Com a confiança adquirida e amor a essa nova vida, me preparo para uma nova jornada. Em dezembro deste ano parto rumo ao Alasca, em mais uma jornada solitária em meu mini motorhome.

A estimativa de viagem é de uma ano e meio a dois anos. É possível fazer em muito menos tempo, mas a intenção não é bater recordes de estrada, mas escalar (o atual esporte que pratico) e fotografar todas as montanhas das Américas.

A insegurança financeira é uma realidade, mas não será barreira. Já fechei parcerias e sigo conversando com algumas empresas. Além de que no mundo atual, não preciso mais fotografar para alguma revista, escrevo crônicas de viagem no blog que criei, fotografo, faço vídeos para o Youtube, ou seja, ao invés de fornecer material para outros, crio meu próprio conteúdo.

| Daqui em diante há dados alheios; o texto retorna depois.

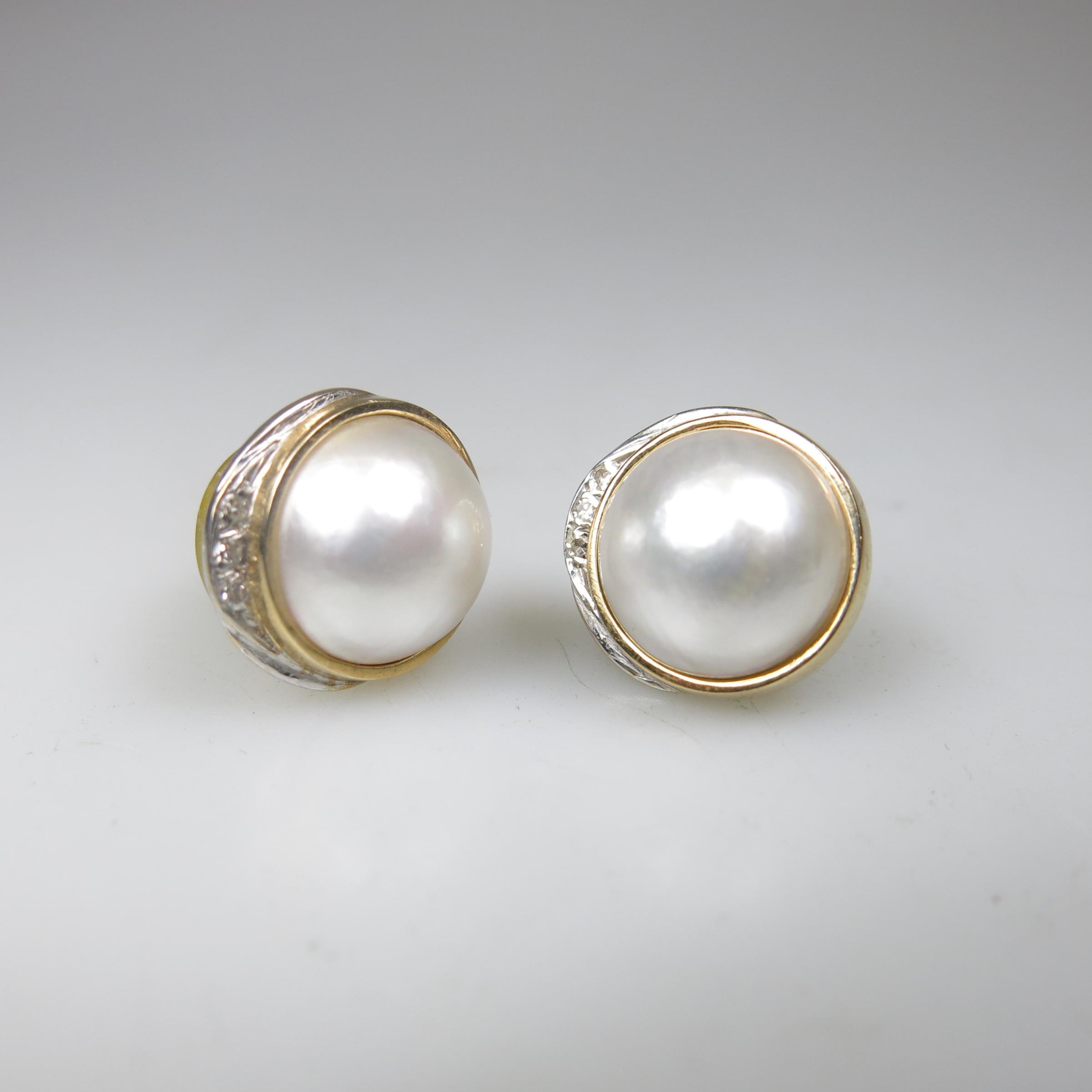 Pair Of 14k Yellow And White Gold Button Earrings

A viagem a Ushuaia rendeu um documentário que estará disponível ainda esse ano. Na jornada rumo ao Alasca pretendo fazer mini docs e relatar todo o aprendizado do caminho.

Daqui em diante sigo fazendo o que amo e gerando conteúdo que possa mudar a vida de outras pessoas que também estão em algum tipo de busca.

 

Camila Caggiano, 44, é fotógrafa e cronista do blog Sob as Estrelas. Trabalhou em grandes produções de cinema e, esse ano, produziu e dirigiu o documentário da sua viagem a Ushuaia, “Sob as Estrelas – diário de bordo”, que irá para as telinhas em breve.